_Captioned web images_
↓

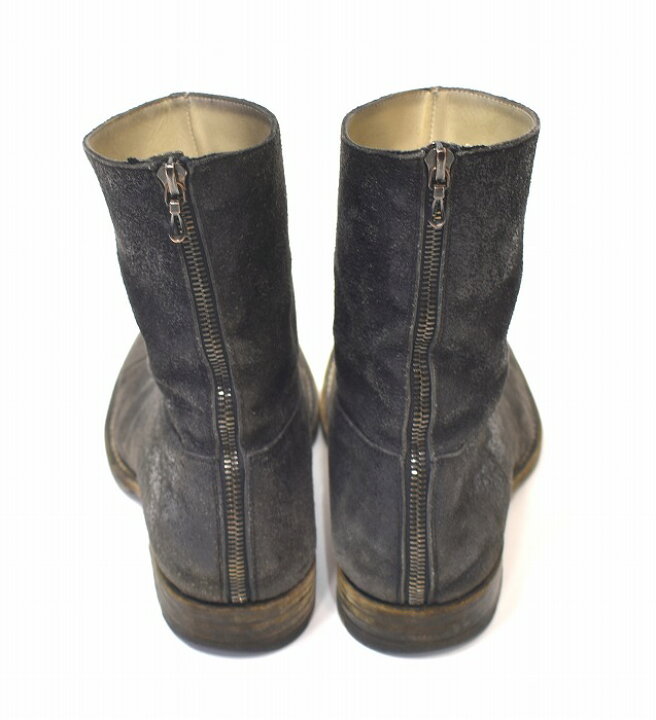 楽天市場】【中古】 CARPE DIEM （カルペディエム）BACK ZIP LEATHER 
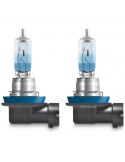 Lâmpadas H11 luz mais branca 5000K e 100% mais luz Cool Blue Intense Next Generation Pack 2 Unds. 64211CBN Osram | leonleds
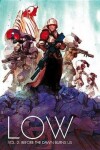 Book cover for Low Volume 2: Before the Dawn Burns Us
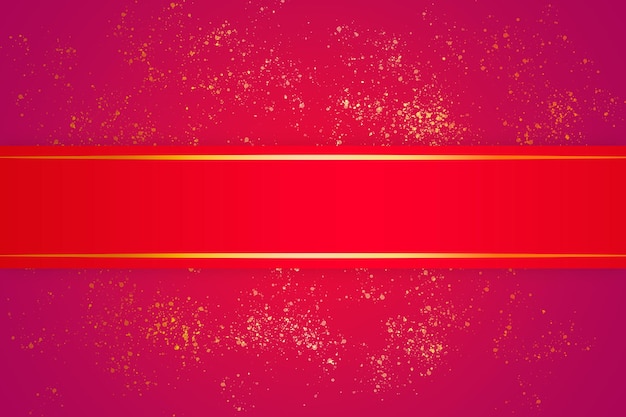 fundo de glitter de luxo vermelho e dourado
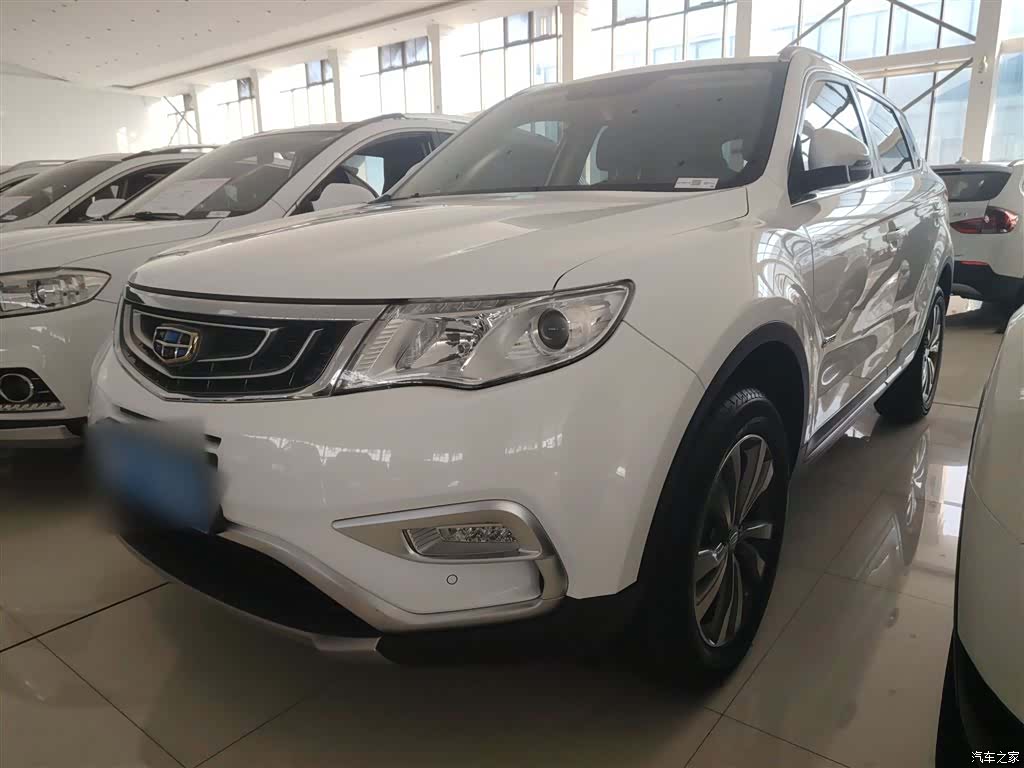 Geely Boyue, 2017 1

↑

_Your instructions_
For this exercise, please reproduce the records above exactly and drop the images.

_Exercise result_
 楽天市場】【中古】 CARPE DIEM （カルペディエム）BACK ZIP LEATHER 
 Lâmpadas H11 luz mais branca 5000K e 100% mais luz Cool Blue Intense Next Generation Pack 2 Unds. 64211CBN Osram | leonleds
 Book cover for Low Volume 2: Before the Dawn Burns Us
 fundo de glitter de luxo vermelho e dourado
 Geely Boyue, 2017 1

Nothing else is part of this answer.